Publik sepertinya sudah bosan dengan model pemimpin yang pinter, cerdas, dan berwibawa. Ada kerinduan luar biasa terhadap sosok pemimpin yang tidak hanya jujur, adil, dan tegas, tapi juga mengayomi, bersahaja, dan dekat dengan rakyat.

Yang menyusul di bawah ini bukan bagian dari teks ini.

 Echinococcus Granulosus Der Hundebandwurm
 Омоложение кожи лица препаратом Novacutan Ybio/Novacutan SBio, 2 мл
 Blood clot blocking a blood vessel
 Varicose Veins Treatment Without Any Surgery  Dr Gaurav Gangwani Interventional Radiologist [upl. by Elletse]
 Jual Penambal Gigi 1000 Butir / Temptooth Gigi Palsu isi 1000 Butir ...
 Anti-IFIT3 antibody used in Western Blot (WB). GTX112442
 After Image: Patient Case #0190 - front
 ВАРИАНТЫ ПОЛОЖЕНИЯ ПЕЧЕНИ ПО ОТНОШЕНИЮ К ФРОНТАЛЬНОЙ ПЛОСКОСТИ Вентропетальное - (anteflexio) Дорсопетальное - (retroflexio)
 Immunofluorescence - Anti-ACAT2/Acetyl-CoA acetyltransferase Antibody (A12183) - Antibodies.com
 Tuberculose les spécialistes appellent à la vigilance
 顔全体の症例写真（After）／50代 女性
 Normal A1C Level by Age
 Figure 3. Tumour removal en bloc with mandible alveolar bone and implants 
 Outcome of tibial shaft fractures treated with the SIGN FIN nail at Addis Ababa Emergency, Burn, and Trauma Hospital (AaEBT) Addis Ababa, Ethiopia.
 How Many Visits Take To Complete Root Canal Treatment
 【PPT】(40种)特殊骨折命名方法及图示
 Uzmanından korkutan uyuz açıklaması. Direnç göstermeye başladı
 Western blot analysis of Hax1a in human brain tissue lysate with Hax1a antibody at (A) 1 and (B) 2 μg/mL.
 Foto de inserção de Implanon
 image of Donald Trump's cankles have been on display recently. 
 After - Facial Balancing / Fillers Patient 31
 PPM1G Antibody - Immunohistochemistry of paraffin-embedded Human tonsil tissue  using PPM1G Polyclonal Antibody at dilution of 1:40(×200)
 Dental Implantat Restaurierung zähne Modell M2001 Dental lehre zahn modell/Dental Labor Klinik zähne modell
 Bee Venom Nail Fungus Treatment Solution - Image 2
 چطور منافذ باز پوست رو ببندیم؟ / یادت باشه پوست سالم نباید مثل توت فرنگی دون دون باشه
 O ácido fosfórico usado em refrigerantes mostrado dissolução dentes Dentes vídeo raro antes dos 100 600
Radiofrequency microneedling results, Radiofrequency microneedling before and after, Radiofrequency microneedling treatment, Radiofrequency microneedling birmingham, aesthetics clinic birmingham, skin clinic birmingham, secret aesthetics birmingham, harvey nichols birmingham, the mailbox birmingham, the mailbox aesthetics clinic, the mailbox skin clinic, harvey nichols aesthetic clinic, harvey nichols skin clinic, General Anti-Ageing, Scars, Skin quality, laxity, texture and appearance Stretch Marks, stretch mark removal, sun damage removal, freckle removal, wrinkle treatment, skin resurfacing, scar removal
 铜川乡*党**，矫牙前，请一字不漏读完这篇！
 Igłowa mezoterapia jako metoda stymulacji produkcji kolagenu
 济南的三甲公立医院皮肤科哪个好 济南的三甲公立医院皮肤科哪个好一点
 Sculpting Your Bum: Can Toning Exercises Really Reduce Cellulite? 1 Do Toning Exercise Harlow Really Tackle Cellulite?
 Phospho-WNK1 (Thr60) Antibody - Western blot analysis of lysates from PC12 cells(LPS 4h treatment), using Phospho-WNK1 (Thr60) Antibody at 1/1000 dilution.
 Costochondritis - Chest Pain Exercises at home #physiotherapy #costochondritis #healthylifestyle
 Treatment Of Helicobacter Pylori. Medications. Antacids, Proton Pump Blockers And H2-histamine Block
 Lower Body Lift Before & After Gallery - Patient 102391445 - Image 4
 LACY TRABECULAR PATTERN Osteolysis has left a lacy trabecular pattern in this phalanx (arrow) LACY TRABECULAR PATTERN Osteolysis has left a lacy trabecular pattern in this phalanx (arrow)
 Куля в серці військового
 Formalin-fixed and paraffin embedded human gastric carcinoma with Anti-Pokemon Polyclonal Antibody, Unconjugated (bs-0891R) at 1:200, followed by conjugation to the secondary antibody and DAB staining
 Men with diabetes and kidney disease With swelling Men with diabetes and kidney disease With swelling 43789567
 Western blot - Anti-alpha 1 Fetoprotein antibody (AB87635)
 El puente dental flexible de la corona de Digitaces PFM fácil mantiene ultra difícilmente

Diakui atau tidak, berbagai hasil survei yang menempatkan Joko Widodo dalam peringkat teratas ialah representasi kerinduan tersebut. Kesediaan Jokowi menyapa rakyat hingga ke kampung kumuh betul-betul meruntuhkan jarak yang selama ini memisahkan pemimpin dan rakyat. Kepemimpinan yang merakyat bukan hanya diucapkan, melainkan dipraktikkan. Kerinduan terhadap sosok pemimpin seperti ini akumulasi kekecewaan terhadap para pemimpin bangsa yang tak membawa dampak signifikan terhadap perbaikan kualitas hidup, khususnya masyarakat kurang beruntung. Petani miskin, buruh pabrik, nelayan, pedagang kecil, pemulung, tukang ojek, dan kelompok sosial lain yang kurang beruntung nyaris tak berubah nasibnya meski pemimpin silih berganti.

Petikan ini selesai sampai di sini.